Powerscourt had often urged his brother-in-law to take up his pen and write short and amusing sketches of financial behaviour for the magazines. He was sure they would be very successful and make his brother-in-law even richer than he already was. But William Burke always declined.

‘Tell me, William, was there ever any hint of violence about our friend Puncknowle? Any whispers about people being beaten up or disappearing?’

‘You’re wondering about those two lawyers, of course. I don’t think there was. I’ve never heard of any such thing but I can’t be sure. Tell you what, I’ll speak to a couple of fellows tomorrow and let you know. On the face of it, it’s highly improbable, nothing more likely to put those kind of investors off than the chairman’s thugs beating people up. It would be very different if we were talking about South African diamond shares ten or fifteen years ago, but we’re not.’

‘I’m much obliged to you for the information,’ said Powerscourt as he prepared to take his leave.

‘I’ve only one other titbit for you about that trial, Francis,’ said William Burke, inspecting the last few inches of his cigar rather sadly. ‘ I don’t know if you’re aware of it, but the people in the City don’t have a very high opinion of the people from the Temples and the Inns when it comes to big fraud cases. The money men think the lawyers can’t read balance sheets, finance may be something other people may want to dirty their hands with but it’s way beneath counsel with their wigs and their gowns and their seventeenth-century libraries. But that chap Dauntsey rated very highly with the men of Mammon. The odds against a conviction went up dramatically when he toppled forward into his borscht. I don’t know how this other fellow is rated but I suspect the odds will get longer still. Would you like me to take a flutter on your behalf, Francis? Just a little flutter, five or ten pounds?’

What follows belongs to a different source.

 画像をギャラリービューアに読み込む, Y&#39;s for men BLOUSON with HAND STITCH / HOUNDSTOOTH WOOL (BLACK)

Powerscourt laughed. ‘I don’t think I could do that, William. I don’t think it would be ethical to bet against my current employers, however unpleasant they may be.’


Try as she might, Sarah Henderson could not see how she could disguise from her mother her unease at what was happening in Queen’s Inn. For she was more concerned, much more concerned than she had told Edward, about the events of the afternoon. She felt sure Mr Stewart was dead. You just had to look at the policemen, or at Lord Powerscourt, to realize that. And now, here she was, clearing away the tea things, her mother about to start the evening interrogation across the fire. Sarah wondered about a headache and going to bed early, but that would only postpone matters. She wished she could have stayed with Edward all evening and not had to come home to her sick mother.

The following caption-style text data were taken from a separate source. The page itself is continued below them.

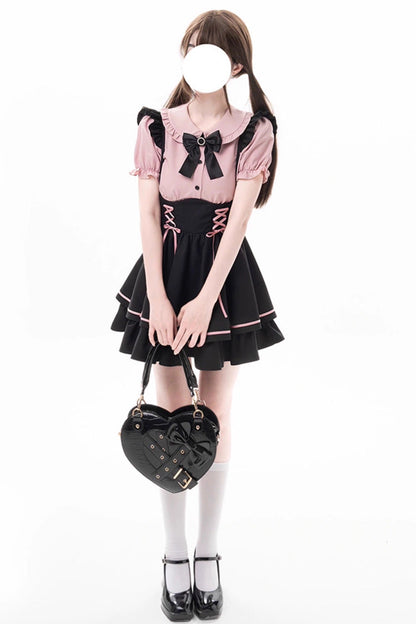 Black/Pink First Sakura Short Sleeves Multi-layer Lace-Up Sweet Jirai Kei Japanese Set
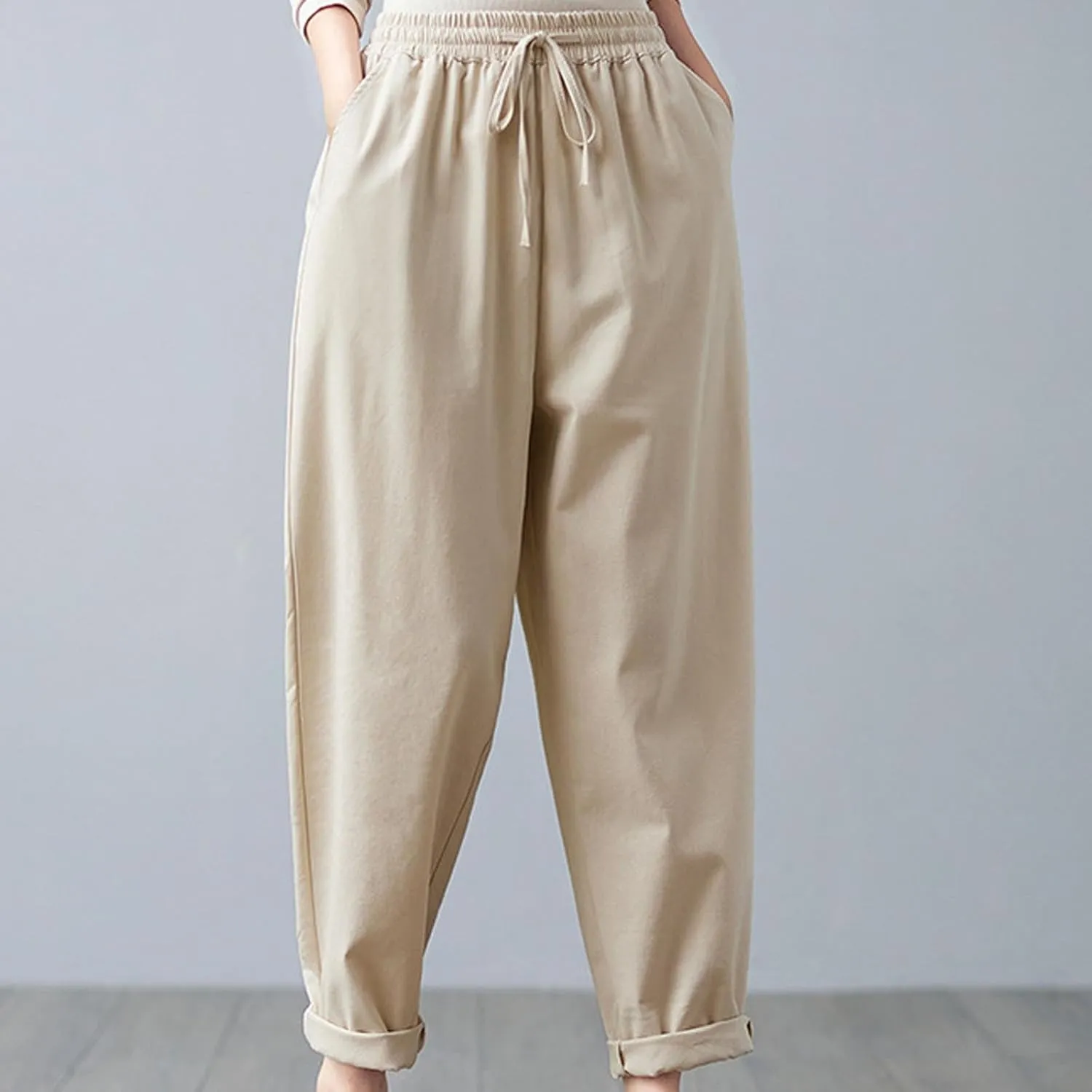 FZYLQY Women's Straight Leg Pants Solid Color Elastic Waist Drawstring Casual Trousers 2025 Summer Linen Pants with Pockets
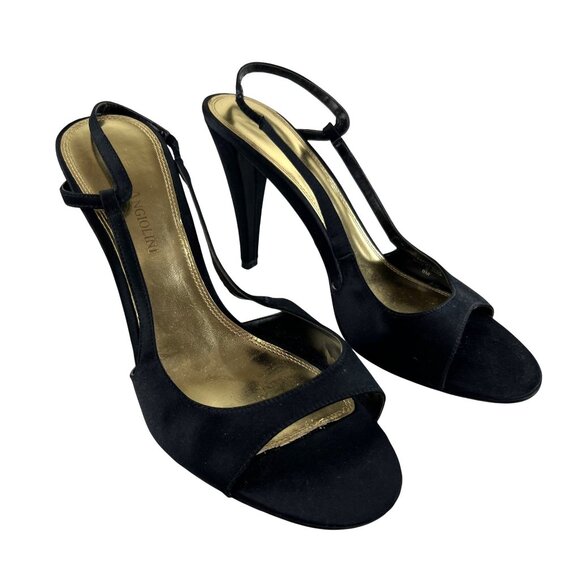 Enzo Angiolini Preppy Black Slingback Formal Sexy Open Toe Stiletto Womens 8M - Picture 1 of 10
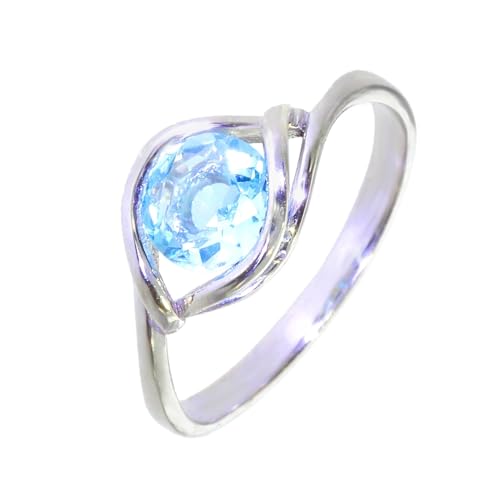 Bague style français M47 en argent rhodié et pierre naturelle : le cadeau idéal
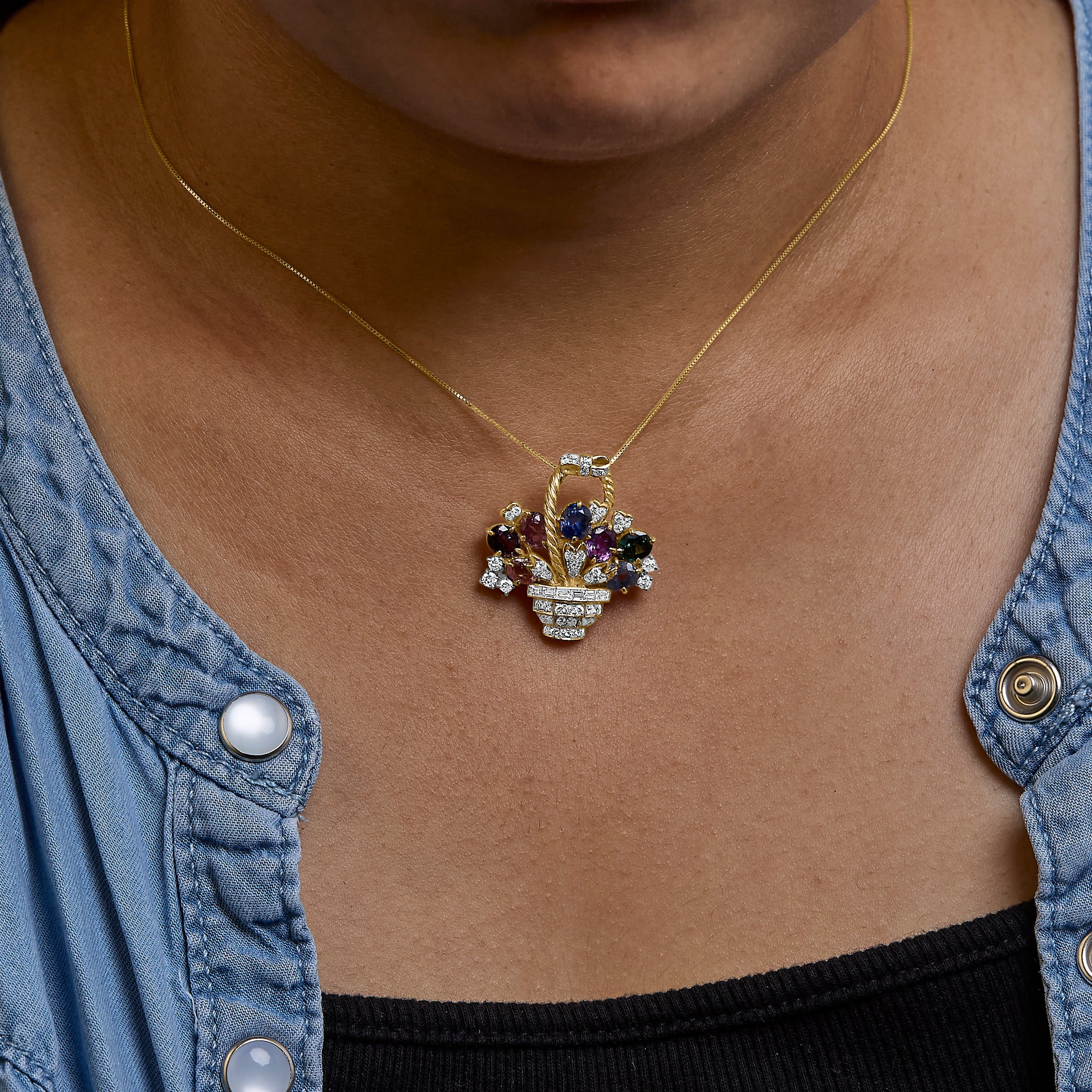 18K Yellow Gold 1 1/10 Cttw Diamond and Mixed Gemstone Floral Bouquet Pendant and Brooch Pin (G-H Color, VS1-VS2 Clarity)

‘I think I’d like a cup of hot chocolate, Sarah dear, when you’re through in there.’

‘Any cake, mama?’ said Sarah, playing for time. There were still a couple of slices left of the Victoria sponge baked in honour of Mr Dauntsey’s funeral.

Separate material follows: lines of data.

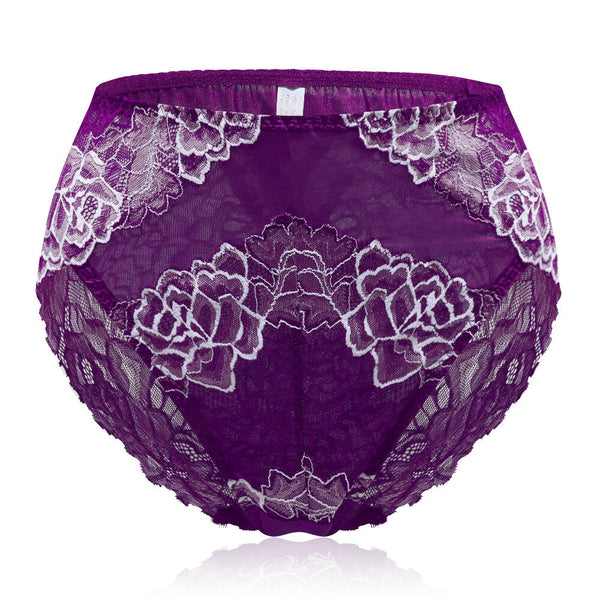 Plus Size Luxury Lace Floral Breathable Briefs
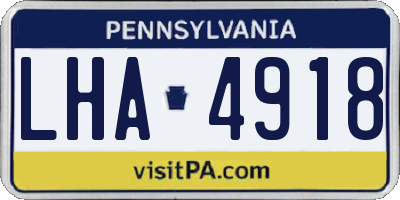 PA license plate LHA4918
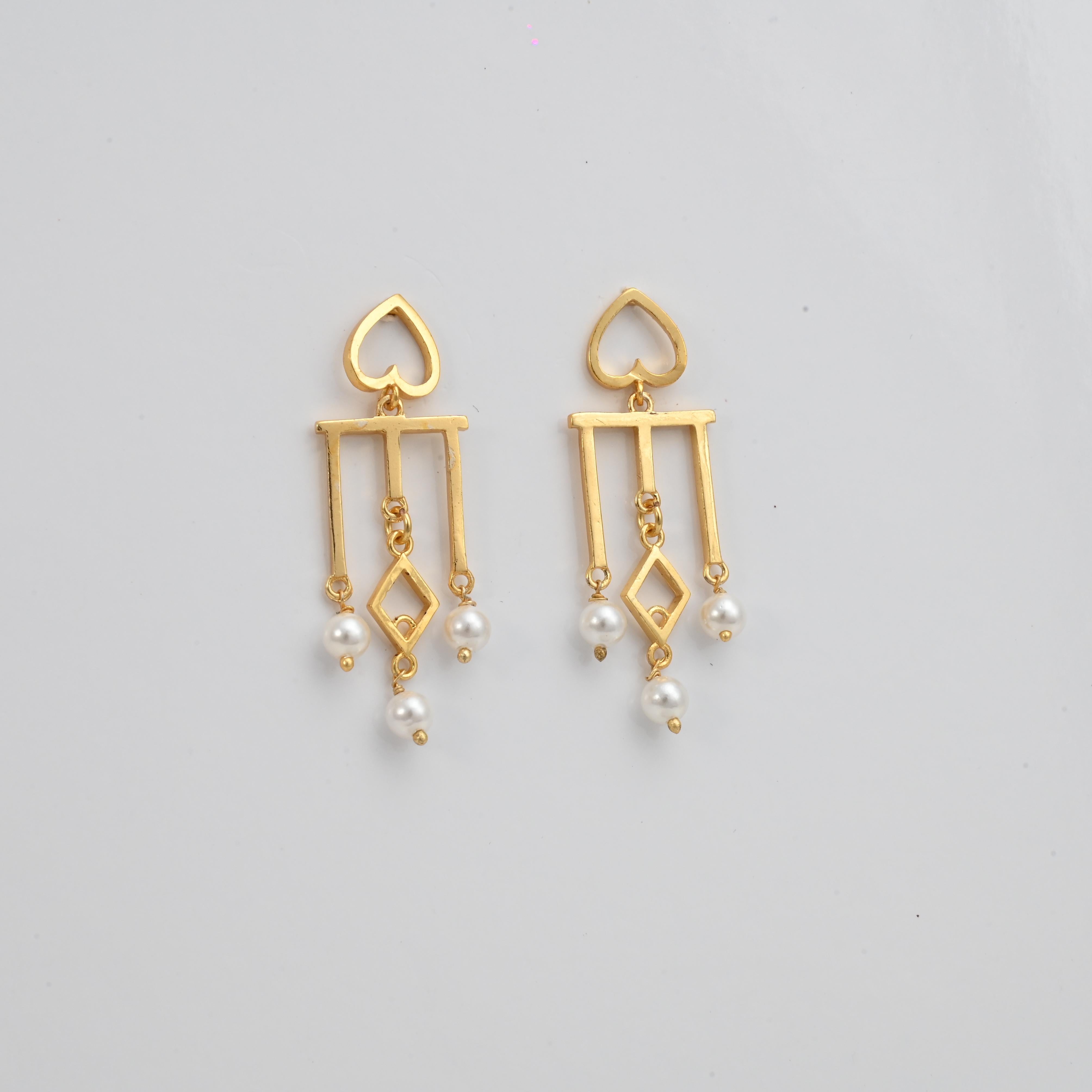 Heart Pearl Danglers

‘No thank you, dear, the chocolate will do me fine. I only bought it today in the grocer’s. Mrs Wiggins was in there, telling me for the third time how well that son of hers was doing in the Metropolitan Railway. I was able to tell her you’d been to Mr Dauntsey’s funeral in a first class carriage and had conversed on the way with the Head of Chambers. She left quite soon after that, Mrs Wiggins.’

Even in the confined quarters of the little kitchen Sarah could appreciate the glory in her mother’s victory, the forces of darkness or the Metropolitan Railway in the person of Mrs Wiggins routed and forced to flee from the field.

Sarah knew she was looking anxious as she went to sit on the opposite side of the fire. She wondered if she could tell her mother about Edward as a means of avoiding telling her about Mr Stewart, though quite what she would actually say about Edward she had no idea. Her mother had, she felt, been fairly unmoved about the death of Alexander Dauntsey, even though she, Sarah, had been so very upset.

‘Something went wrong at chambers today, dear, didn’t it?’ Mrs Henderson took a preliminary sip of her chocolate. ‘I can tell.’ Privately Mrs Henderson suspected that Sarah was not very accomplished as a shorthand typist. As a child she had been clumsy, awkward with her hands, often dropping things. Her mother could not imagine how she would be able to keep up to the exacting standards of an Inn of Court. In fact, she could not have been more wrong: the twenty-year-old Sarah was a very different character from the child Sarah and knew very well how highly her work was valued.

‘It’s Mr Stewart, Mr Woodford Stewart, mama. He’s disappeared.’

In spite of all the months of conversations about the Inn the name of Stewart had not yet been entered into Mrs Henderson’s filing system.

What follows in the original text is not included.